Break-ups or changes, are still stressful and so the past week or so has been a bit of that as I make this transition. I’ve found myself wanting to know if members have questions for me, or other happenings going on around a place that has meant a lot to me for the past couple years. I have to keep reminding myself that I don’t work there anymore.
In the space in my mind that use to be occupied by Stoxpoker, this week it was replaced by writing and if found a bit of a groove with it. I now have an editor (Barry Carter with UK pokernews) working with me, and the interaction has helped me tremendously already in getting a better sense of the process of taking a bunch of ideas or a bunch of things that I want to say and turning it into a piece of writing that’s engaging for a reader.

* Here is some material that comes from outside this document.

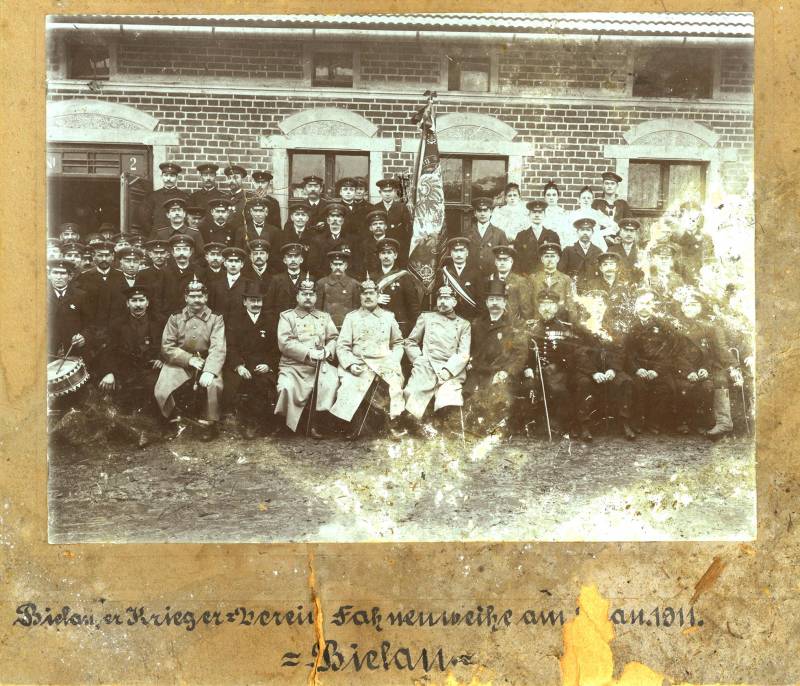 Bela-veteráni 1911.jpg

When I sent him something for the first time this week, missing from me was a feeling of embarrassment for letting another person see something so bad. But I embraced the fact that I sucked, knowing the only way to get better was for him to see just how bad I was so he could know exactly where I need help. And help he did.

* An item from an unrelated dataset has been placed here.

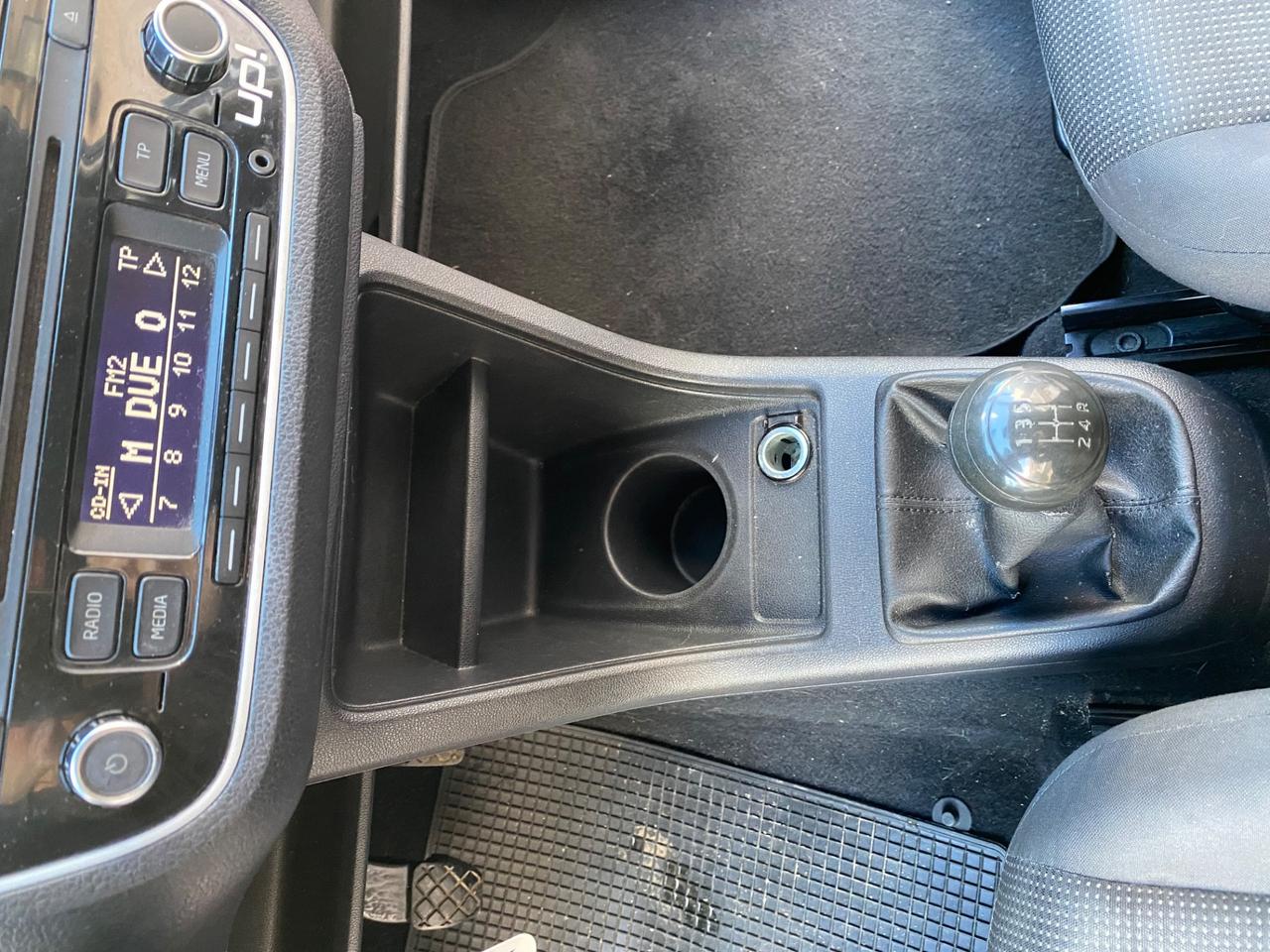 Volkswagen up! 1.0 3p. take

With articles I’ve written in the past or the chapters I wrote for Dusty’s book, I’ve been able to get away with not being a real writer by doing 20+ revisions. I’d just keep hammering away at it over several days/weeks until it sounded good. In writing the book, that’s one reason why I was getting nowhere on my own, spending that kind of time on a book that is going to be 200+ pages long is just not practical.

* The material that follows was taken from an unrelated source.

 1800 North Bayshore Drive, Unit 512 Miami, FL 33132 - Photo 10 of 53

So the great news is that I have learned a tremendous amount from Barry this week. In my second go around of new material sent to him this week, I could see and so could he, a big jump in the quality of my first pass and I have a pretty good sense of what the rest of the section is going to be. Something that also took me a much longer time to figure out last time as well. Ironically this section is about a concept called Inch Worm, that speaks in part to the process of making your worst better. My worst has certainly improved, and I have a long way to go before it’s automatic – so much more work to be done.
Now I’m really looking forward to doing more writing seeing that I’m at least moving in the right direction as a writer, and starting to see in real terms how the book that I’ve envisioned for the past couple years can actually come to fruition.
If found that stress is great fuel to learn, and this week is further proof.